It was shown that surface defects can act as a trap of adsorbed silver atoms, diffusion preventing their 
surface, which is important for the interface layer, the nucleation of silver particles and possibly 
functioning of active centers. 
In addition, in [9] it was calculated the interaction of copper clusters, which properties are quite close 
to the properties of silver, with a regular surface of silica and neutral oxygen vacancies (≡Si-Si≡). It is 
shown that the active surface is not regular in relation to the copper clusters, and the activity decreases in 
the number of defects NBO> ≡Si > ≡Si-Si≡. 
In [10] it is shown that the interaction of copper clusters with NBO-defect a significant shift due 2p-
energy level of silicon about 0.6-1 eV is observed only at a small cluster size.
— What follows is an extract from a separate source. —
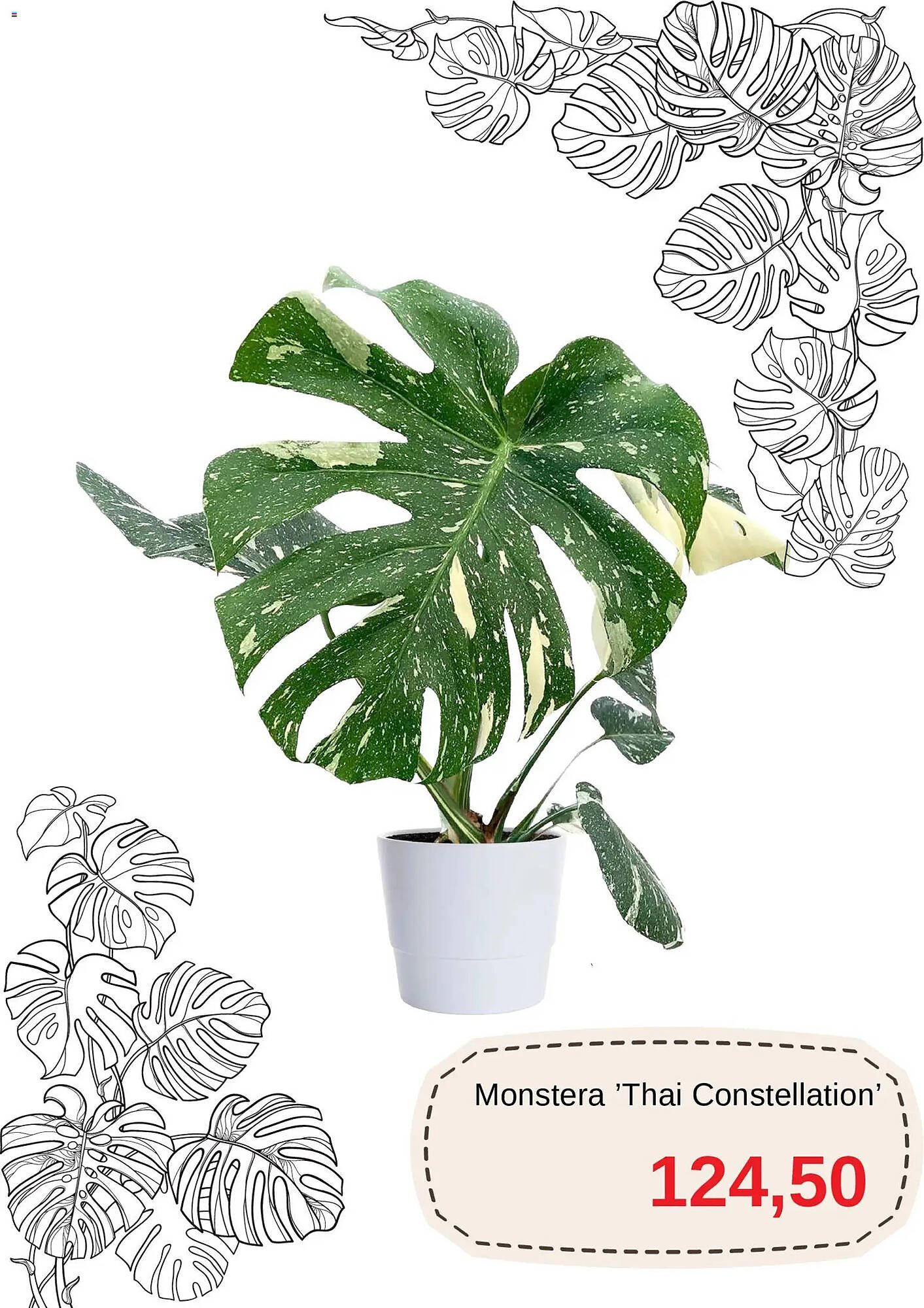 Blomsterlandet reklamblad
For large copper clusters 
shift does not exceed 0.1 eV. 
In [11] it was performed quantum chemical calculations of silver clusters models on hydroxylated 
silica surface in the oxidized and reduced forms and electronic spectra. In this case the calculated and 
experimental spectra containing silver in an oxidized form good matched. However, the calculation of the 
energy of interaction between oxidized forms of silver and surface defects in this work was not carried 
out. 
In [12] it was first noted that the oxygen atoms of the silanol groups of silica involved in the 
formation of the intermediate in the oxidation of CO on platinum particles, and the hydrogen formed 
during the decay of the intermediate with platinum particles and is held constantly returned to the system. 
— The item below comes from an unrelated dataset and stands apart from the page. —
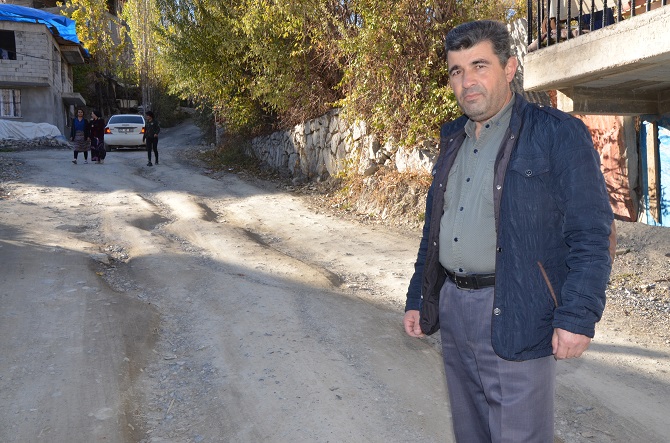 dsc_9239.jpg dsc_9239.jpg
Quantum-chemical modeling of reversible spillover hydrogen on zeolite-OH groups on the metal 
clusters, rhodium, iridium and gold deposited on the zeolite hydroxylated performed in [13]. 
One way to study the interactions between the silver clusters and the surface of the silicon dioxide 
are theoretical quantum chemical calculations using theory methods density functional (DFT). 
Using a sufficiently accurate functional and basis set allows to receive adequate values of the 
physical parameters required. To investigate the above-mentioned features of these interactions can be 
used cluster models. Small cluster models have shown to be useful in the study of the adsorption of the 
individual components and provide a fairly accurate description of adsorbed structures, vibrations and 
energies of the physical and chemical adsorption [14-17]. 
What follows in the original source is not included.